**DIRECTIONS FOR THIS TASK**
Copy exactly the lines of the material below that run from the one containing "Gingrich's fall prompts" through the one containing "House Of Art". Copy no other lines.

**GIVEN DATA**
'''

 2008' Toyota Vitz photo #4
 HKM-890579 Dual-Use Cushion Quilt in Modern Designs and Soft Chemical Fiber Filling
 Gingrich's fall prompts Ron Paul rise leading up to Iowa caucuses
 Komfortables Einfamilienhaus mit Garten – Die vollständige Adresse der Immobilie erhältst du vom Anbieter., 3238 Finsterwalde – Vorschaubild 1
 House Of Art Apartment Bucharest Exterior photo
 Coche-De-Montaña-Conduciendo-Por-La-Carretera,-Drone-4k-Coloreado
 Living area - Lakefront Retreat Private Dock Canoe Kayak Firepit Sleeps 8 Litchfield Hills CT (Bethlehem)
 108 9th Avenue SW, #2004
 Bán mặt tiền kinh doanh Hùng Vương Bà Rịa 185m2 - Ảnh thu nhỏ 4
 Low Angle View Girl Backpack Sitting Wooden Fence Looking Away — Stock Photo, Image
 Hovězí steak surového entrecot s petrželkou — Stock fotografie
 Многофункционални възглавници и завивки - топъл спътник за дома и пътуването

'''
'''

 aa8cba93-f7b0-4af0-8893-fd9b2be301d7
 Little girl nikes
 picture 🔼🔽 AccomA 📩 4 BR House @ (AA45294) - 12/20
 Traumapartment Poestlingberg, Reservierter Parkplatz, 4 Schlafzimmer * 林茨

'''
'''

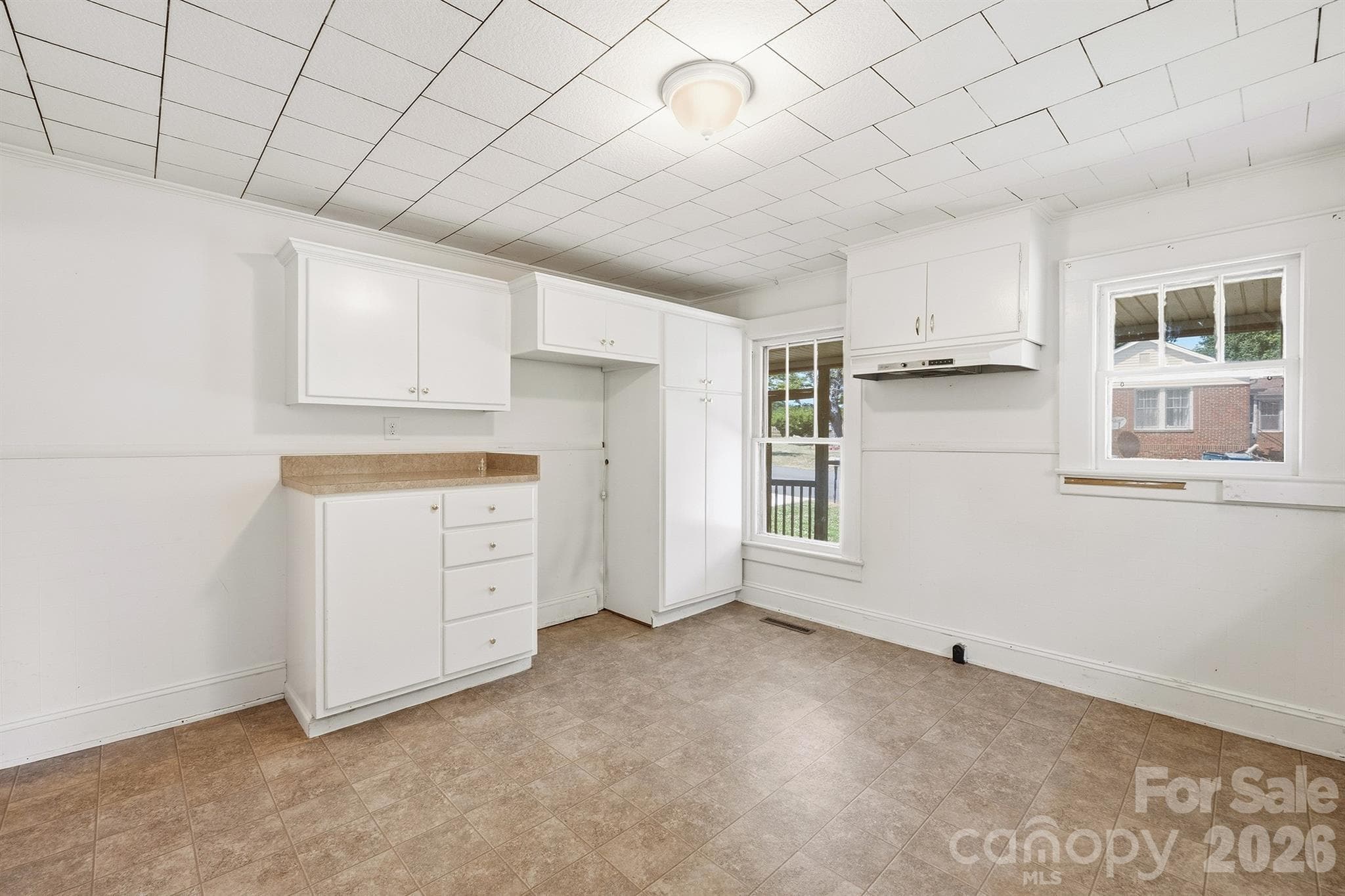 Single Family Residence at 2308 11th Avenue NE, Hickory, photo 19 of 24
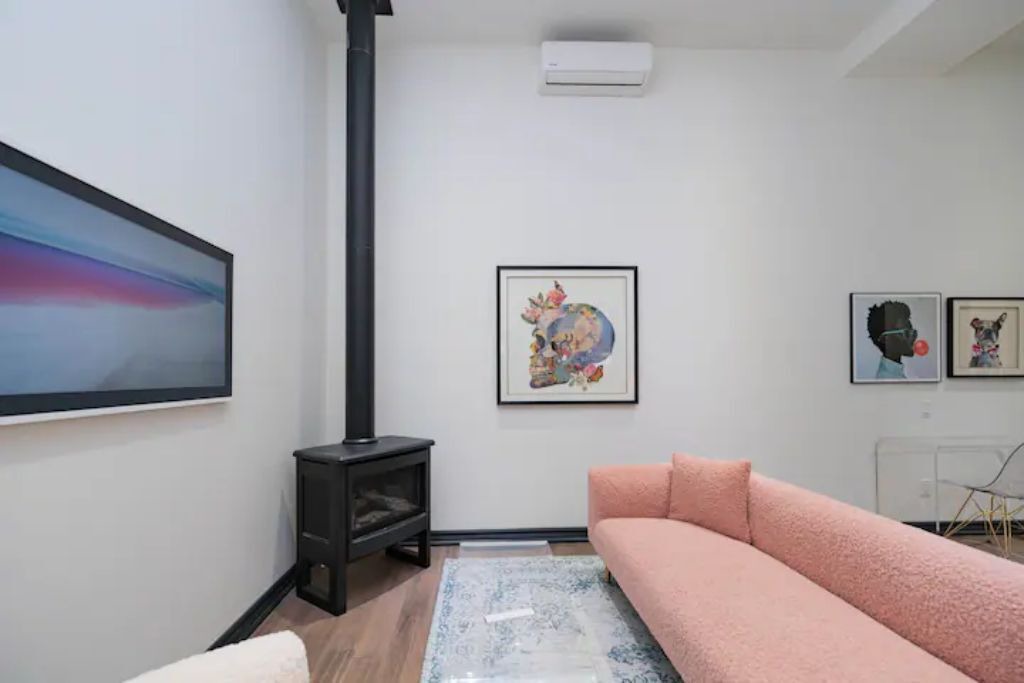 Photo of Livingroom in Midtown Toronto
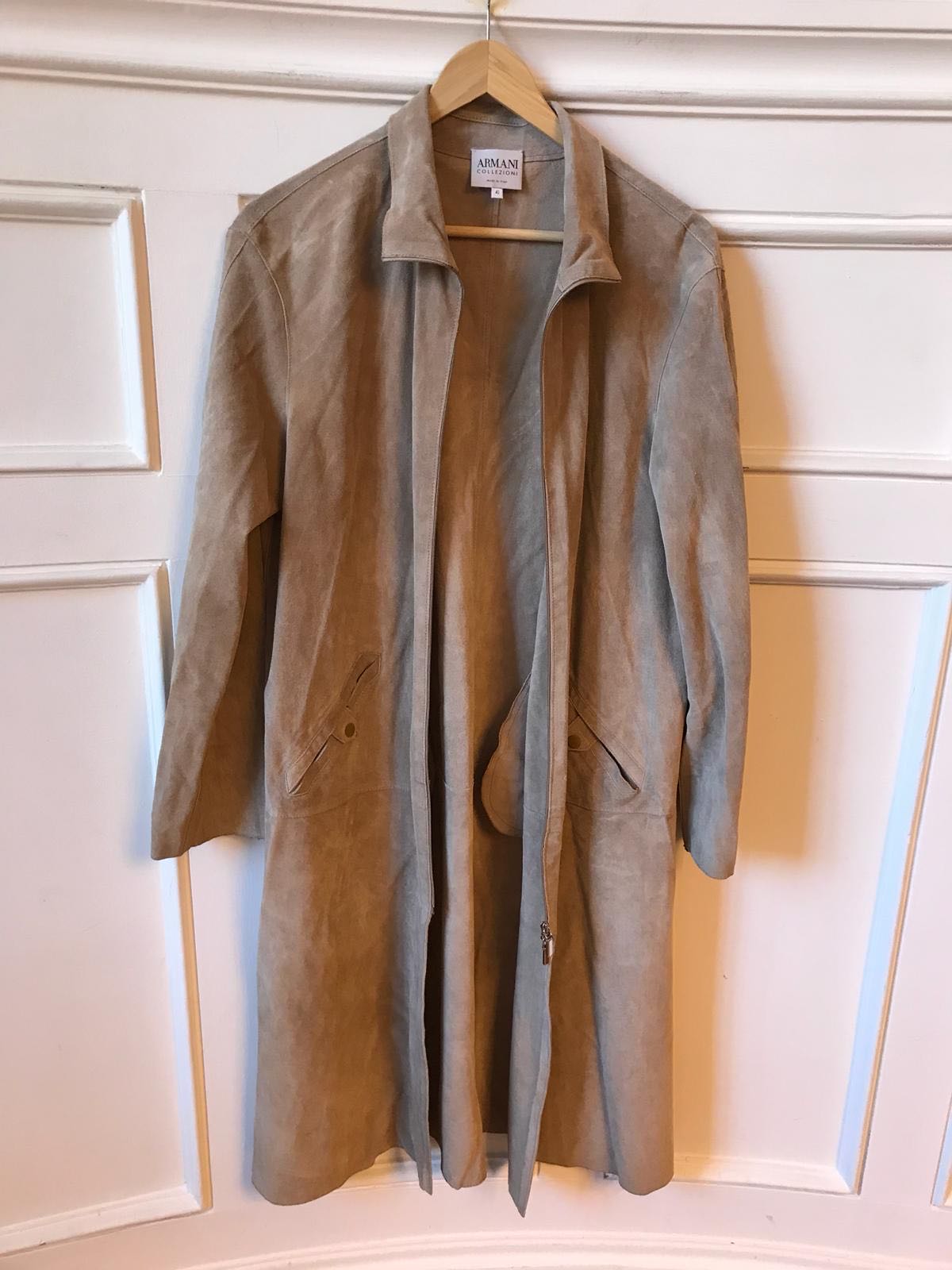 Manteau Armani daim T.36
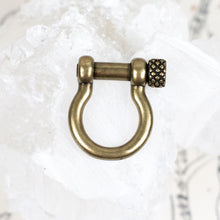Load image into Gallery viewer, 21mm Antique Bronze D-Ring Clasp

'''

**TASK RESULT**
 Gingrich's fall prompts Ron Paul rise leading up to Iowa caucuses
 Komfortables Einfamilienhaus mit Garten – Die vollständige Adresse der Immobilie erhältst du vom Anbieter., 3238 Finsterwalde – Vorschaubild 1
 House Of Art Apartment Bucharest Exterior photo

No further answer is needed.